[Crawled caption data]
=== Begin Enclosure ===
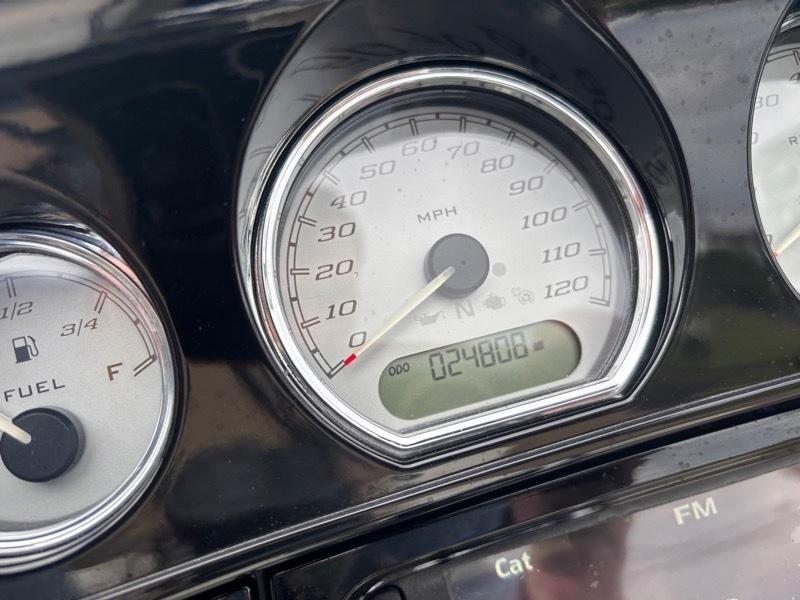 Harley-Davidson Street Glide  2014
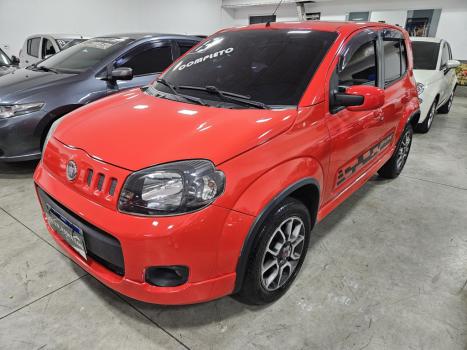 FIAT Uno 1.4 4P FLEX SPORTING, Foto 3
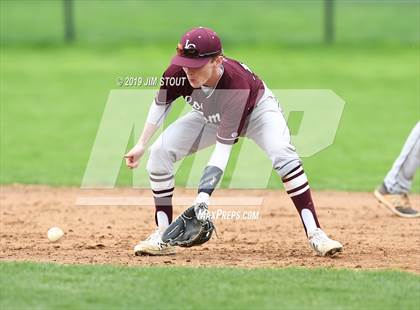 Thumbnail 1 in Trinity-Pawling @ Loomis Chaffee photogallery.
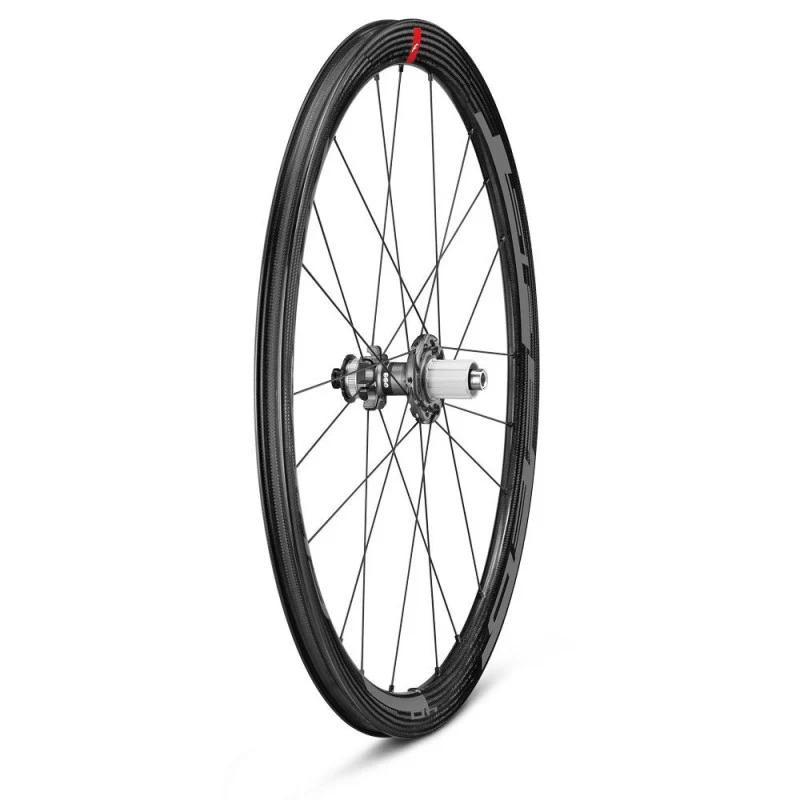 Fulcrum Ruote Speed 40 DB Disc - Image 5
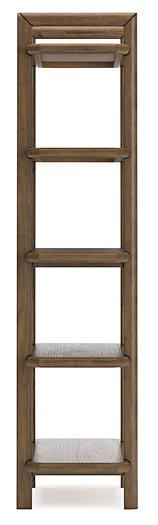 Roanhowe Home Office Set - Sigrist Furniture (Sturgis,MI)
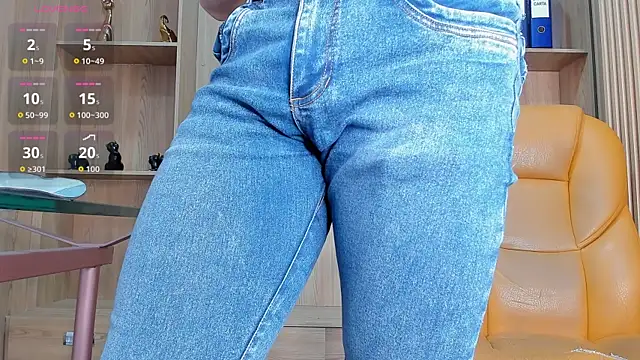 Živý XXX chat George_Diesell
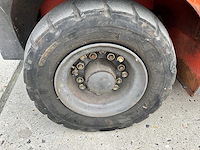 Cpd25 vorkheftruck - afbeelding 18 van  31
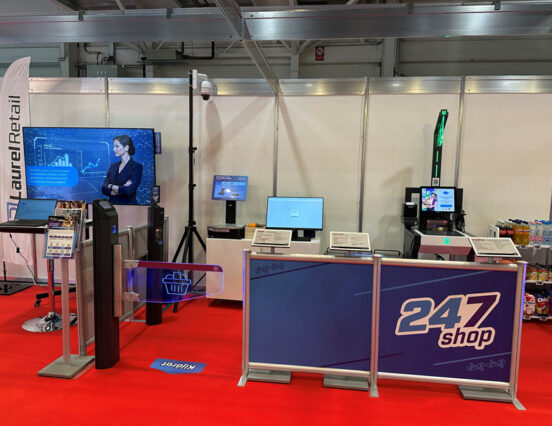 Will AI tell us what we can buy in stores and for how much?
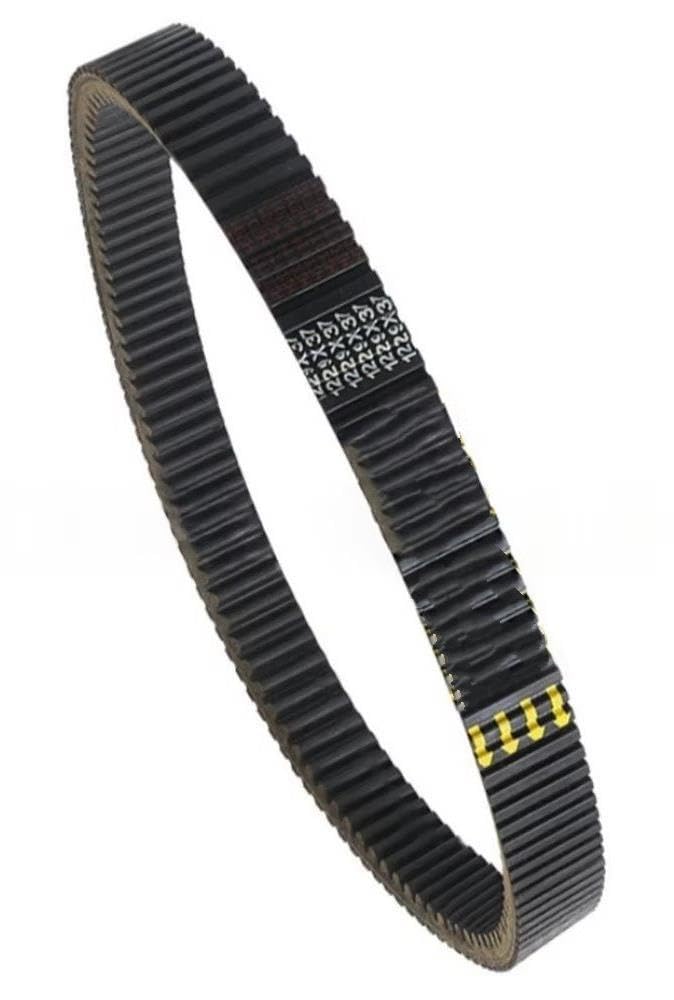 Correa Transmisión Para Polaris 3211065 3211057 Cinturón Multicuñas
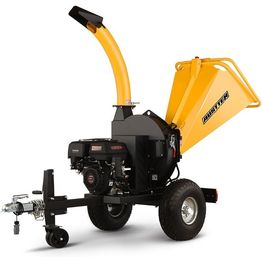 Laikkahakkuri Austter DGS1500K, 120mm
=== End Enclosure ===
### About this task
Your answer must be the lines from the one containing "Thumbnail 1 in" through the last line of the records, copied exactly, with no pictures.

### Your solution
 Thumbnail 1 in Trinity-Pawling @ Loomis Chaffee photogallery.
 Fulcrum Ruote Speed 40 DB Disc - Image 5
 Roanhowe Home Office Set - Sigrist Furniture (Sturgis,MI)
 Živý XXX chat George_Diesell
 Cpd25 vorkheftruck - afbeelding 18 van  31
 Will AI tell us what we can buy in stores and for how much?
 Correa Transmisión Para Polaris 3211065 3211057 Cinturón Multicuñas
 Laikkahakkuri Austter DGS1500K, 120mm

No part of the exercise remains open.